--- START ---
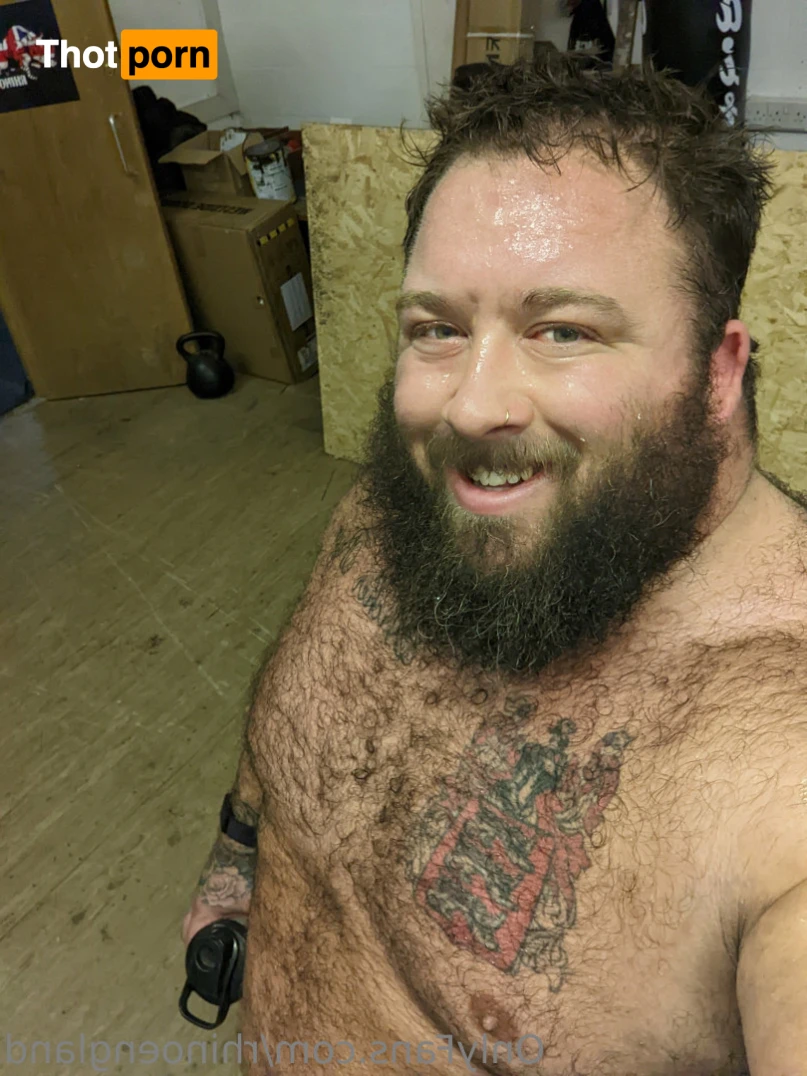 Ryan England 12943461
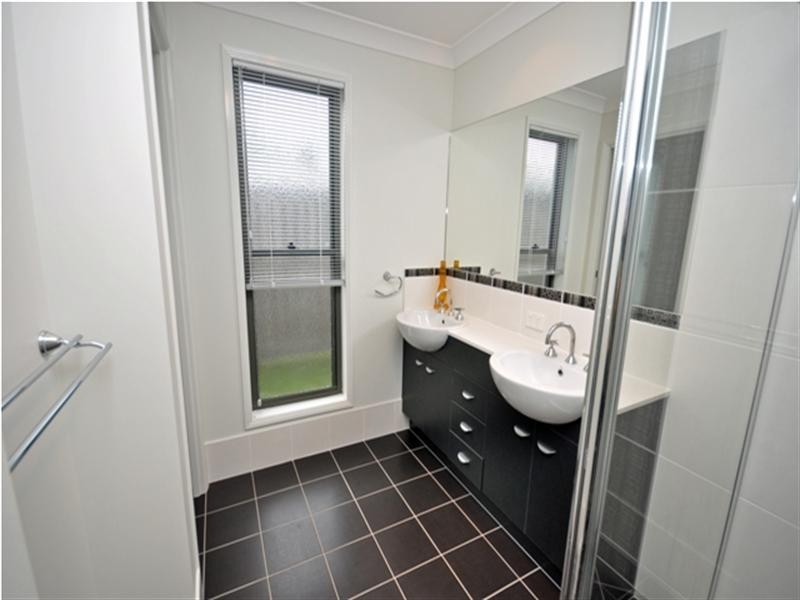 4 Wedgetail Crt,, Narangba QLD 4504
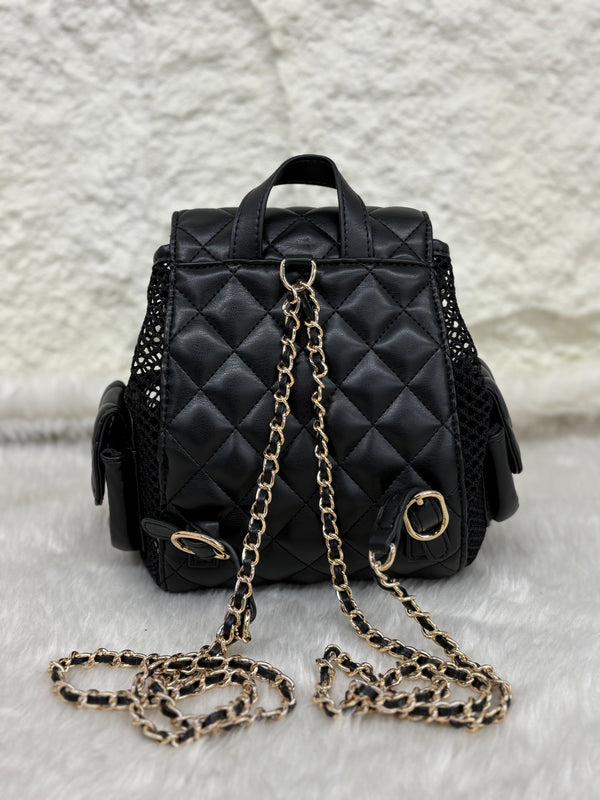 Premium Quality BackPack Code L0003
--- END ---
- _EXERCISE DETAILS_
Once the pictures are set aside, give the rest of the listing again exactly.

- _ANSWER TO THIS EXERCISE_
 Ryan England 12943461
 4 Wedgetail Crt,, Narangba QLD 4504
 Premium Quality BackPack Code L0003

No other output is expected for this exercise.